▸ **INPUT MATERIAL**:

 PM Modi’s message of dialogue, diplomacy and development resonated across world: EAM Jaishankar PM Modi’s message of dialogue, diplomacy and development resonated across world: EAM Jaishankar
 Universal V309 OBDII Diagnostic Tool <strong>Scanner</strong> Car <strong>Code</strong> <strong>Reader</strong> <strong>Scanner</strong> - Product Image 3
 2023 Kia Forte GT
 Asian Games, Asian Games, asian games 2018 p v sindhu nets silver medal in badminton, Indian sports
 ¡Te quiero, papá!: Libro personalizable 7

==

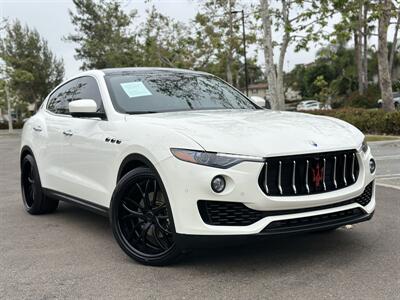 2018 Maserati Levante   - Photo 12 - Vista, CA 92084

▸ **WORK REQUIRED**: Out of the material above, output word for word the line with "EAM Jaishankar PM", the line with "Libro personalizable 7", and all lines between them, with nothing else.

▸ **ANSWER**:
 PM Modi’s message of dialogue, diplomacy and development resonated across world: EAM Jaishankar PM Modi’s message of dialogue, diplomacy and development resonated across world: EAM Jaishankar
 Universal V309 OBDII Diagnostic Tool <strong>Scanner</strong> Car <strong>Code</strong> <strong>Reader</strong> <strong>Scanner</strong> - Product Image 3
 2023 Kia Forte GT
 Asian Games, Asian Games, asian games 2018 p v sindhu nets silver medal in badminton, Indian sports
 ¡Te quiero, papá!: Libro personalizable 7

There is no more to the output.